Required work. Omit all pictures, and print word for word only the lines from the one containing "Kitchen with light" through the end of the data.

Captioned web images:
:::
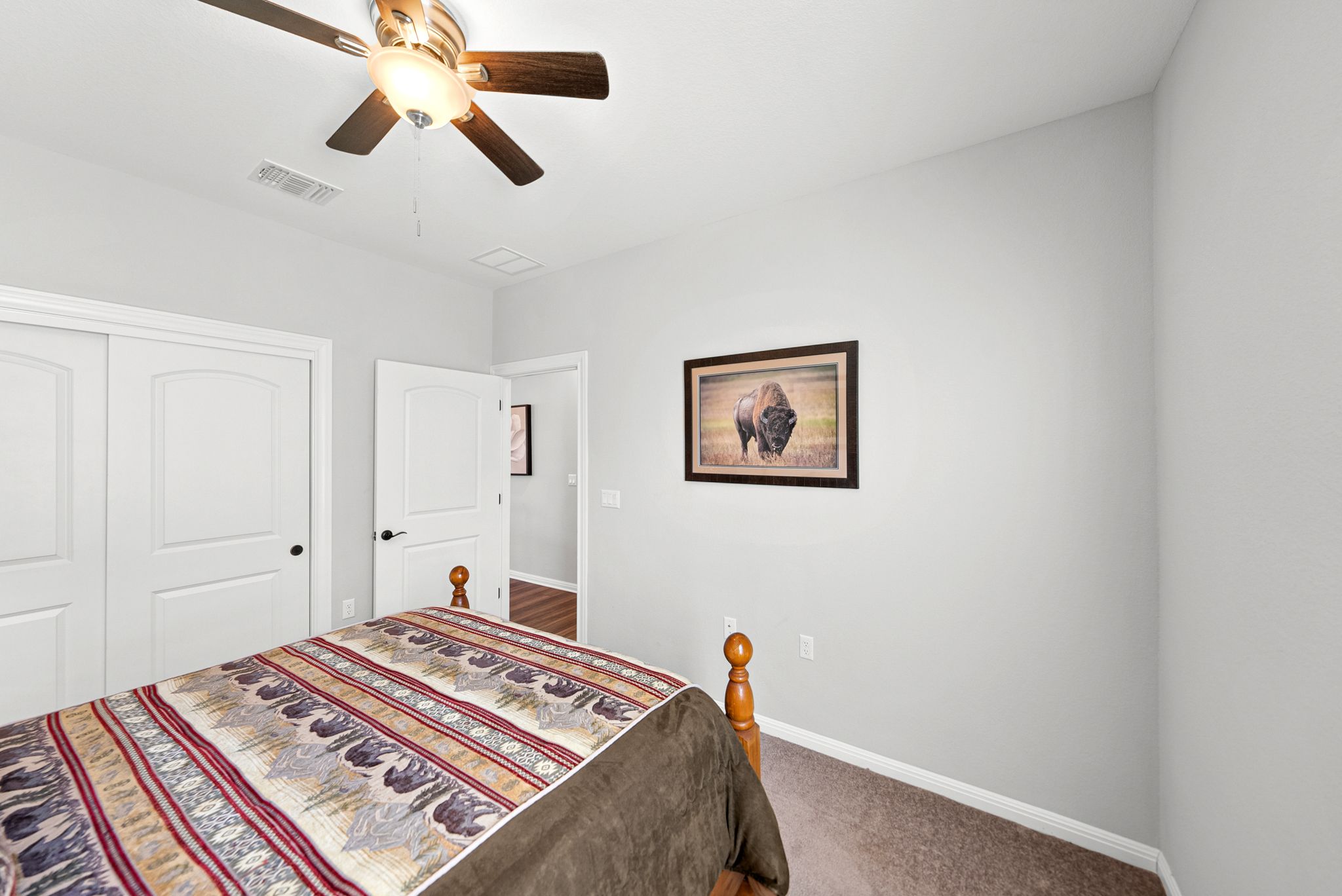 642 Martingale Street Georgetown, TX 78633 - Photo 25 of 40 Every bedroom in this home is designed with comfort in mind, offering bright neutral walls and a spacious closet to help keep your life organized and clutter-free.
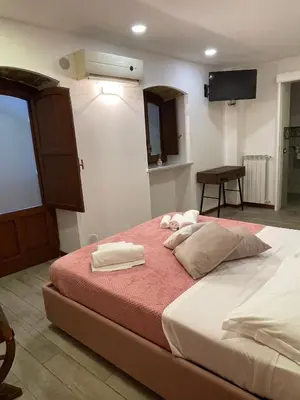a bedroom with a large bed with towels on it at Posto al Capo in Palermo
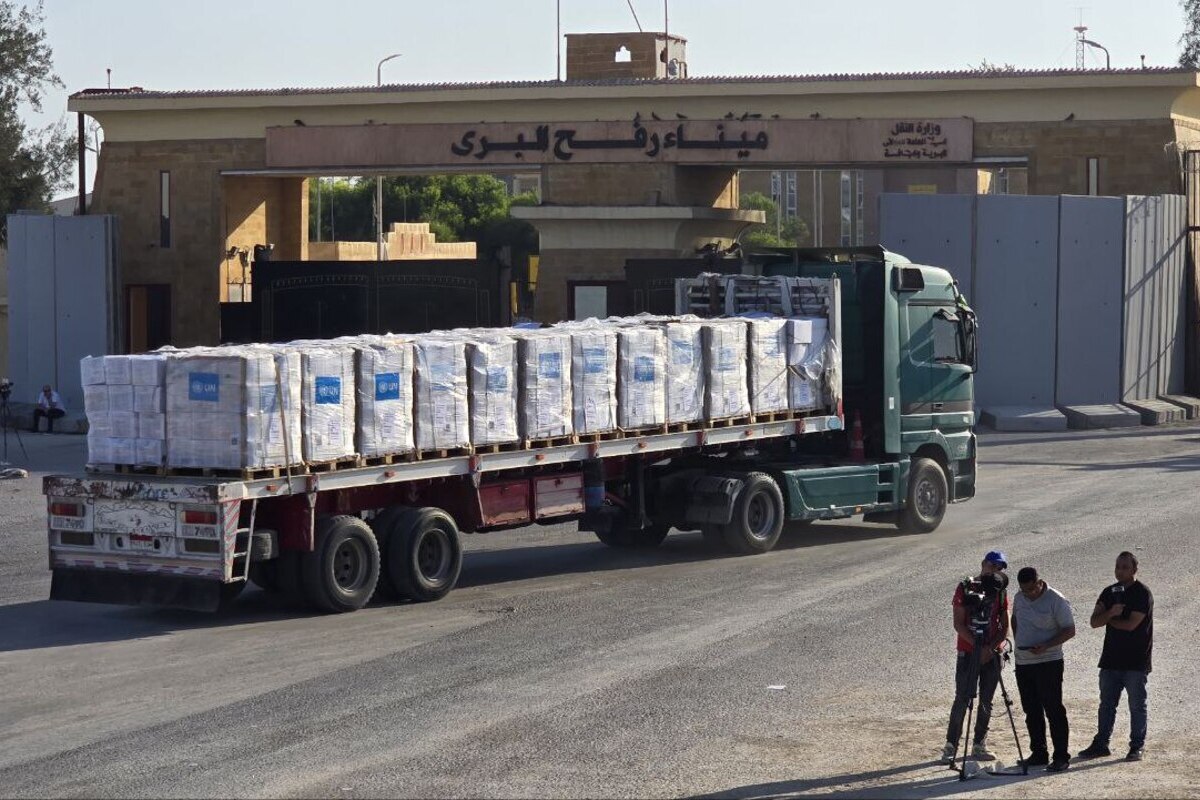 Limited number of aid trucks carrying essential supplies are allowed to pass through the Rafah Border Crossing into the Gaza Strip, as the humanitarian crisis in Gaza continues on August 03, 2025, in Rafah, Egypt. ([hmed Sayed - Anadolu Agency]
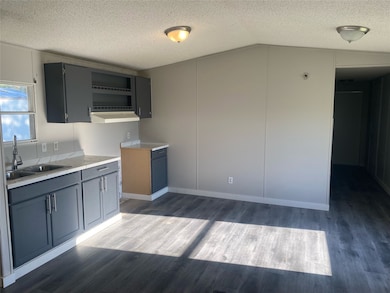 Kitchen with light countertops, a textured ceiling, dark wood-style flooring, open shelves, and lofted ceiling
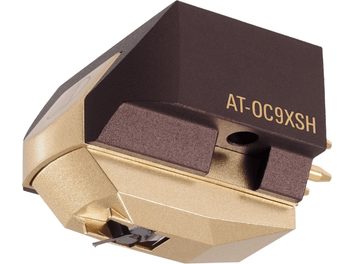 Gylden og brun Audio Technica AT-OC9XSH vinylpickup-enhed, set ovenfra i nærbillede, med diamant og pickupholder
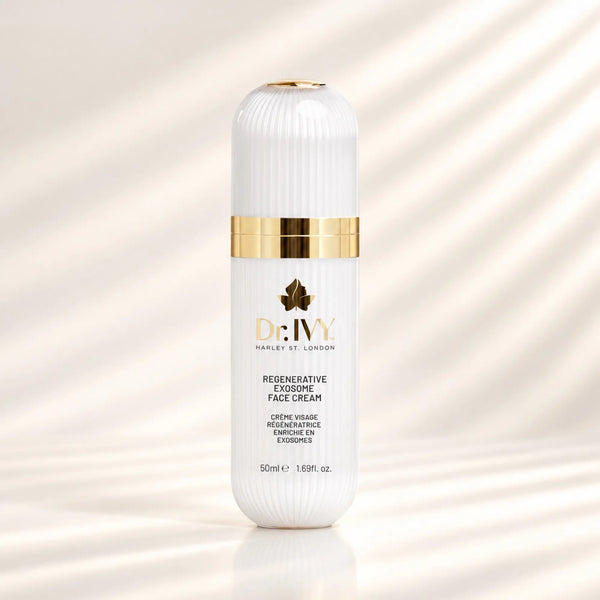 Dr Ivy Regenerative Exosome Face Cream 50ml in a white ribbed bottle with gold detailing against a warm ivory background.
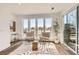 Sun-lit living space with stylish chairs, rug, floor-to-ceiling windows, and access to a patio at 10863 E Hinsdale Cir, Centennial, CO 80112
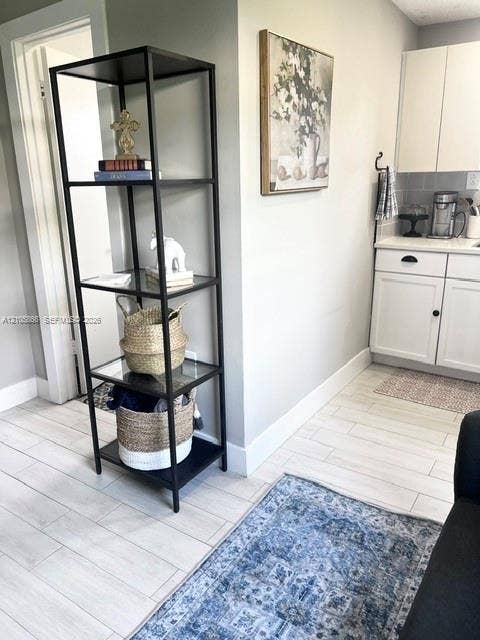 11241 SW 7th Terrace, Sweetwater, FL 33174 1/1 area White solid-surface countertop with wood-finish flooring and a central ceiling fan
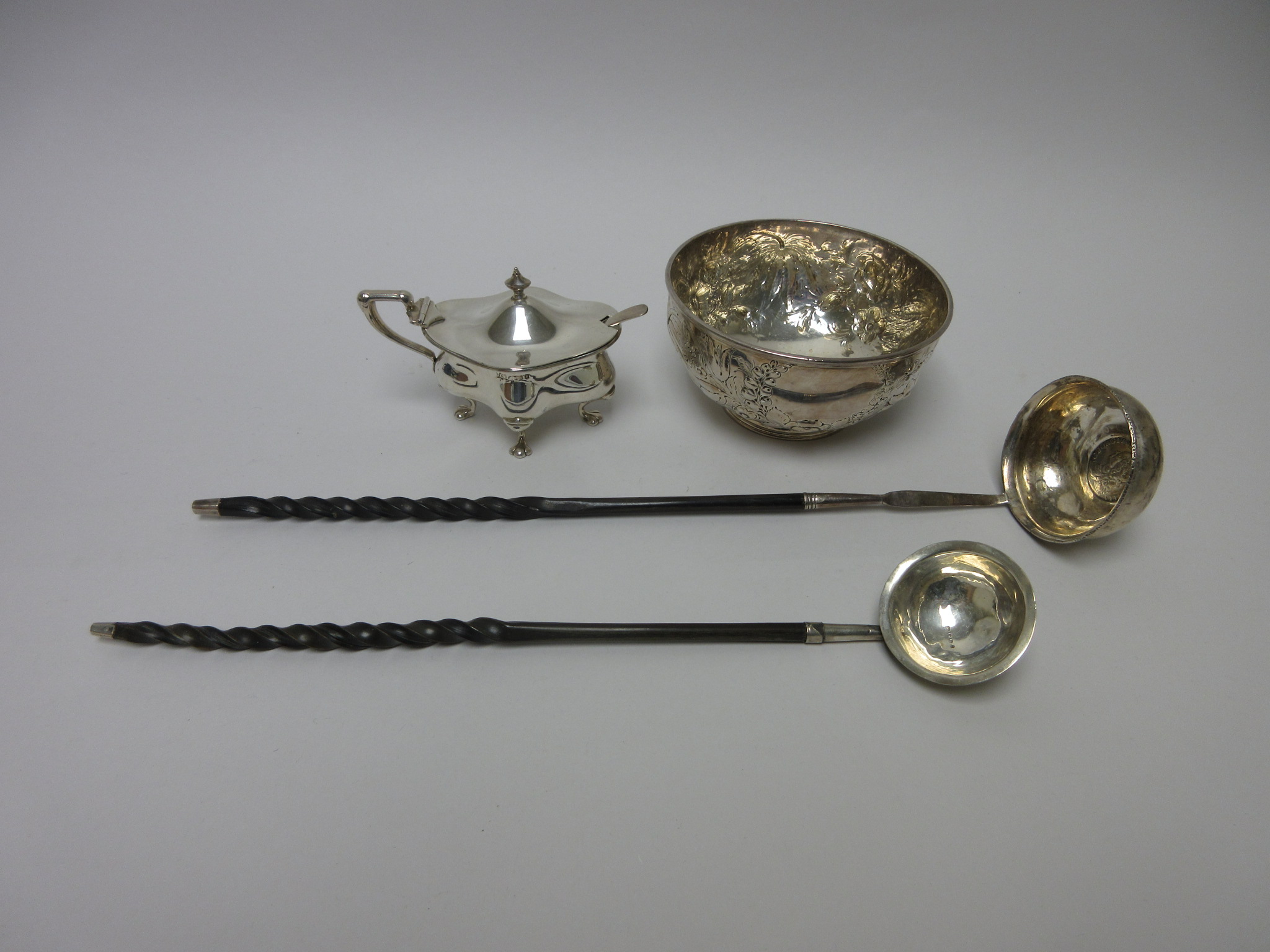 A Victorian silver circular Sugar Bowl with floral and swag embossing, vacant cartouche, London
:::
Written solution.
 Kitchen with light countertops, a textured ceiling, dark wood-style flooring, open shelves, and lofted ceiling
 Gylden og brun Audio Technica AT-OC9XSH vinylpickup-enhed, set ovenfra i nærbillede, med diamant og pickupholder
 Dr Ivy Regenerative Exosome Face Cream 50ml in a white ribbed bottle with gold detailing against a warm ivory background.
 Sun-lit living space with stylish chairs, rug, floor-to-ceiling windows, and access to a patio at 10863 E Hinsdale Cir, Centennial, CO 80112
 11241 SW 7th Terrace, Sweetwater, FL 33174 1/1 area White solid-surface countertop with wood-finish flooring and a central ceiling fan
 A Victorian silver circular Sugar Bowl with floral and swag embossing, vacant cartouche, London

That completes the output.